As an example, one of the issues facing the people ODOV serves, and I could guess most all of the agricultural communities throughout Cambodia, is the ability to market their rice. Everybody harvests their rice around the same time, and they need to sell it. But often they only have one choice of who to sell it to, so the buyer sets the price and the farmers can take it or leave it. Of course, leaving it is never really an option, because that would mean starving. In response to this system, ODOV is trying to get a project off the ground to staff and fund Agriculture Cooperatives, in which farmers could work together to market their rice and maybe turn it into value added products like pig feed, which in turn could be used to raise pigs, boosting income and nutrition. This is one example of the integrated approach ODOV takes to improve lives here in Mesang.
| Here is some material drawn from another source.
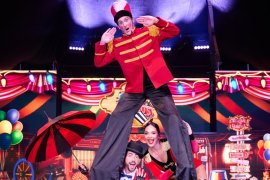 Circus Fun House is the first kids’ show under the big top at Pink Flamingo Brisbane.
But with so many things lacking here—poor education, minimal infrastructure, a government that is basically unresponsive to the needs of the people—this organization is fighting quite the uphill battle. Starting an Agriculture Cooperative might seem simple at first, but with lacking education and literacy, there is a lot more to it than you would realize if you haven’t spent time here.
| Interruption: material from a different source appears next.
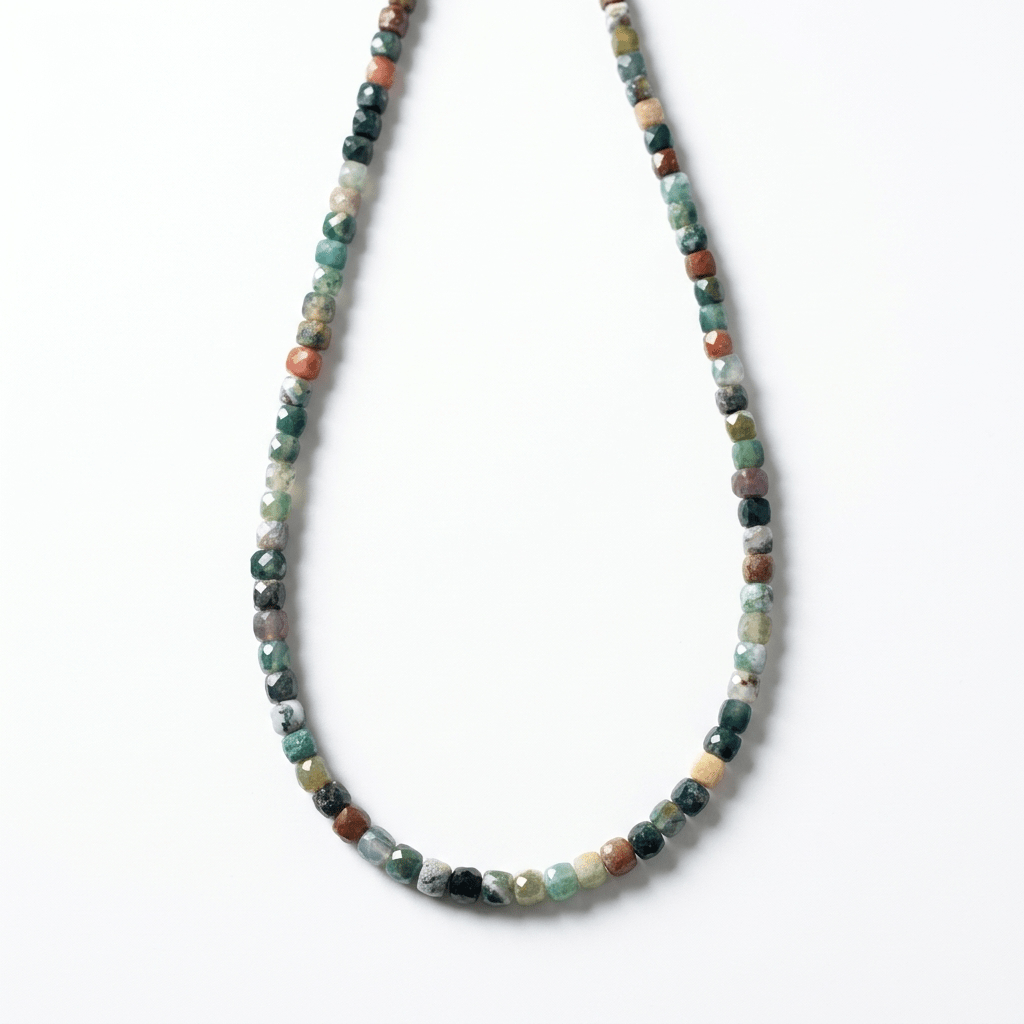 Faceted Natural Gemstone Layering Necklace | Choose Your Stone - Desert Gypsy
What I’m trying to say is, being poor in Cambodia is difficult. And while public policies in Cambodia appear to attempt to improve this situation, the reality is that they actually serve to keep poor people poor. If you are born poor you start off at an extreme disadvantage—no access to quality education, probable malnutrition (in Prey Veng about 50 percent of children under age 5 experience stunting), and if you want to borrow money to start a business, you are likely at the mercy of predatory lenders and almost insurmountable interest rates.
Thanksgiving recently passed and now it is Christmas time, and I am constantly reminded of how much I have to be thankful for. If you are reading this, you probably have plenty to be thankful for too. I challenge you to think about the abundance in your life, and whether you have been “blessed” or if maybe you just are incredibly lucky to have the opportunities that you do. Maybe you were poor growing up, in which case you know how stacked the odds are against you in that situation. It’s cliché to say, but being here has opened my eyes to the suffering in this part of the world. What I’ve found especially eye-opening is the incredible divide here between rich and poor. And sadly, for the most part, the rich people and the government (often the same people) don’t seem to care too much about changing that divide. It’s sad, but it’s true.
So, when you think about why people are poor, please don’t assume it’s somehow their fault.
In the US right now we are scrambling for ways to reduce spending, and things like unemployment benefits and public school spending are on the chopping block. If you want my opinion, these public spending programs are one of the things that separates the United States from a developing country like Cambodia. In the US if you are born poor, the odds are still stacked against you, but there are at least some government programs that serve as a safety net. Here it is much worse.
You might be stressing out about your last minute Christmas shopping, just stop it. Please. Count your blessings. Be nice to someone else. That’s all. Merry Christmas.